▶ WHAT THE TASK REQUIRES:
Copy each record exactly as it reads, leaving out any pictures it holds.

START SUPPLIED MATERIAL

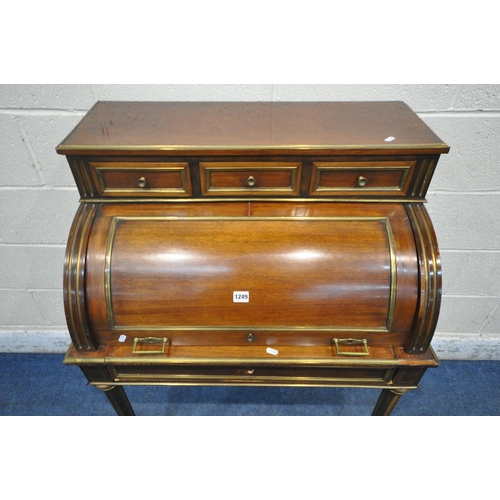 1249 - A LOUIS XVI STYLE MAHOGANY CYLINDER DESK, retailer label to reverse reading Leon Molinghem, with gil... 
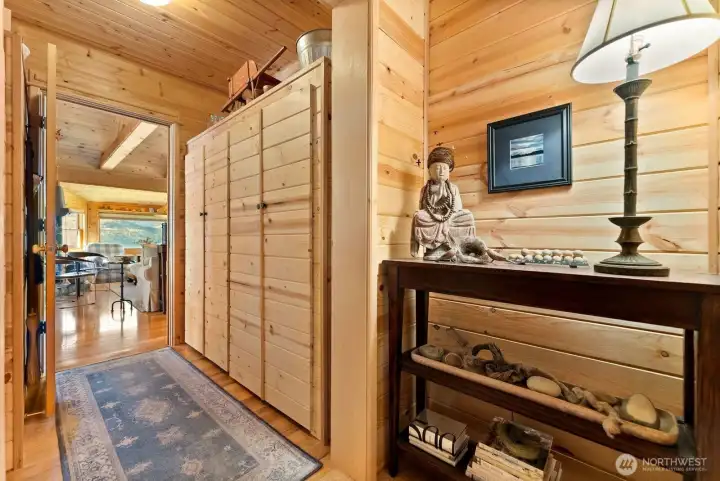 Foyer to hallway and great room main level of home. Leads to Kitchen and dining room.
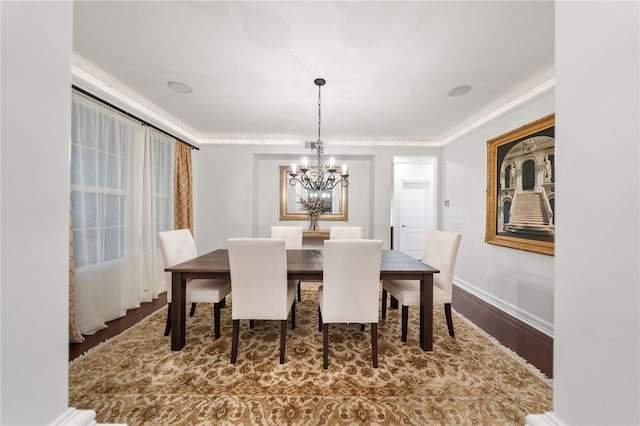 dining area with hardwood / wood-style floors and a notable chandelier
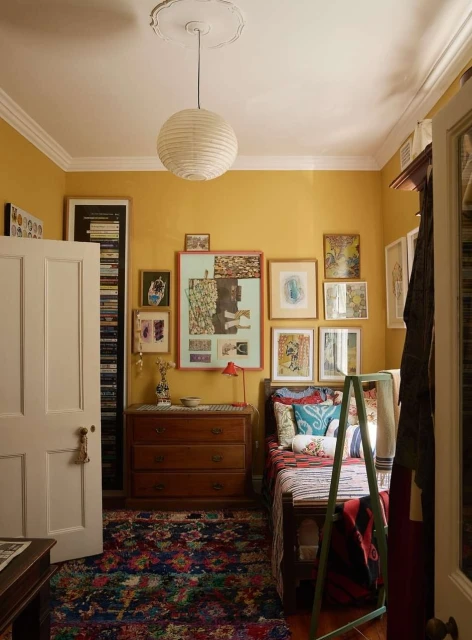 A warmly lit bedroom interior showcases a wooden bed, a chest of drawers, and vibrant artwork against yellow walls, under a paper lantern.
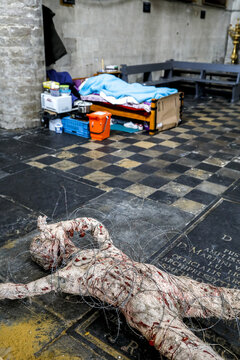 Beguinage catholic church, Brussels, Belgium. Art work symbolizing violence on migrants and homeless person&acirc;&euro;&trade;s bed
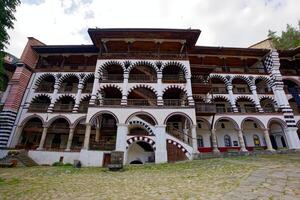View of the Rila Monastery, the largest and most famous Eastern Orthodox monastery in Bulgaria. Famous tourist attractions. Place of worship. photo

END SUPPLIED MATERIAL

▶ WRITTEN SOLUTION:
 1249 - A LOUIS XVI STYLE MAHOGANY CYLINDER DESK, retailer label to reverse reading Leon Molinghem, with gil... 
 Foyer to hallway and great room main level of home. Leads to Kitchen and dining room.
 dining area with hardwood / wood-style floors and a notable chandelier
 A warmly lit bedroom interior showcases a wooden bed, a chest of drawers, and vibrant artwork against yellow walls, under a paper lantern.
 Beguinage catholic church, Brussels, Belgium. Art work symbolizing violence on migrants and homeless person&acirc;&euro;&trade;s bed
View of the Rila Monastery, the largest and most famous Eastern Orthodox monastery in Bulgaria. Famous tourist attractions. Place of worship. photo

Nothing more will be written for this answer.